Ousted former speaker Kevin McCarthy is now ousting himself, announcing he will retire from Congress by the end of this month.
"I have decided to depart the House at the end of this year to serve America in new ways," said the Republican Rep. from California in an op-ed for the Wall Street Journal today. "I know my work is only getting started."
This comes a day after Republican Rep. Patrick T. McHenry (NC) announced he'd be retiring, not this month but by the end of his term. It also comes less than a week after Republican Rep. George Santos (NY) was expelled.

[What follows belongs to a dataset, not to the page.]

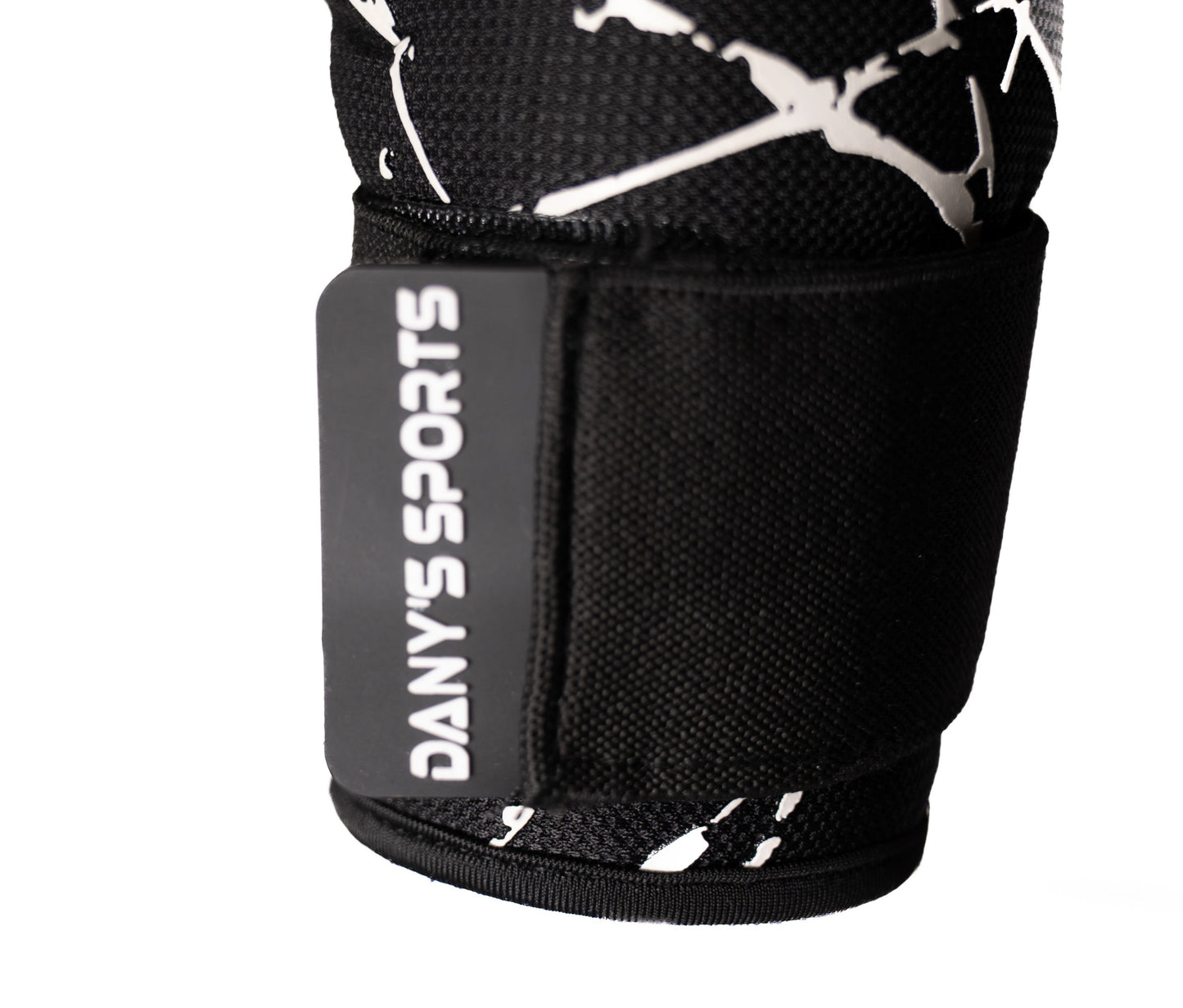 RĘKAWICE BRAMKARSKIE DANY’S SPORTS - BLACK & WHITE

It was obvious the stewing McCarthy was deeply unhappy when he sharply elbowed Rep. Tim Burchett (TN) — who was one of the eight Republicans who voted to oust him — in the kidneys last month. But the bottled-up lawmaker tried to sound upbeat in his announcement this morning, saying, "I never could have imagined the journey when I first threw my hat into the ring. I go knowing I left it all on the field—as always, with a smile on my face. And looking back, I wouldn't have had it any other way."
From the The Washington Post:
Rep. Kevin McCarthy (R-Calif.), the former House speaker who was ousted from his position in October in a revolt by hard-right members, will not seek reelection to his congressional seat and will retire from Congress at the end of this month, he announced Wednesday.

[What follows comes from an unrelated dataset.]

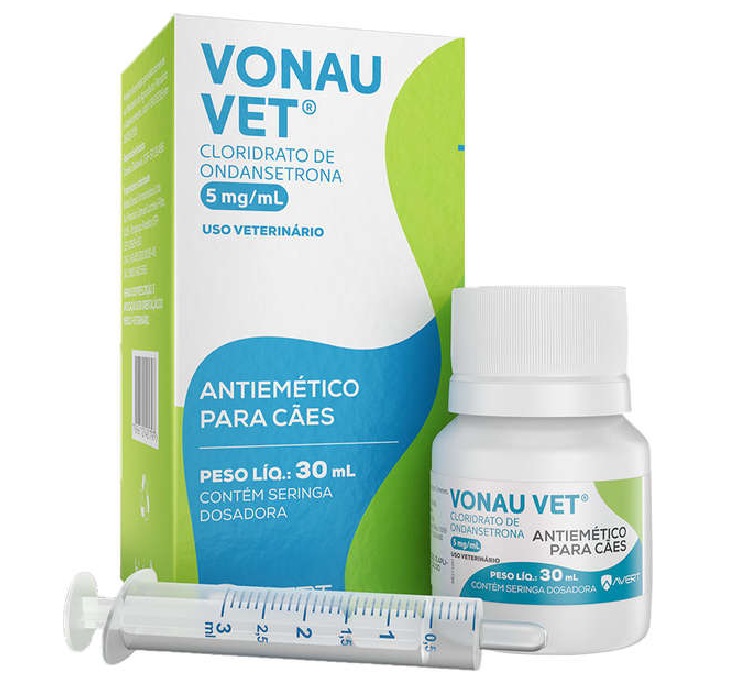 VONAU VET ANTIEMÉTICO 5 MG / 30 ML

McCarthy's retirement will bring to an end a 17-year House career in which he rose quickly through the ranks of Republican leadership, culminating with his stint as speaker. His ouster marked the first time in history that the House voted to remove its leader, a move that threw the chamber into a period of instability.
McCarthy's downfall was precipitated by a procedure to remove him as speaker — a "motion to vacate" initiated by Rep. Matt Gaetz, a far-right Florida Republican and McCarthy's antagonist. McCarthy's detractors accused him of not keeping promises made during a lengthy fight to secure the speaker's gavel in January.
Some McCarthy loyalists on Wednesday expressed disappointment with their former leader's retirement, with some blaming the eight Republicans who voted to oust him in October. In a post on X, formerly known as Twitter, Rep. Marjorie Taylor Greene (R-Ga.) warned that, if House Republicans lose the majority, it would be the fault of those eight.
"I can assure you Republican voters didn't give us the majority to crash the ship," Greene said, adding: "Hopefully no one dies."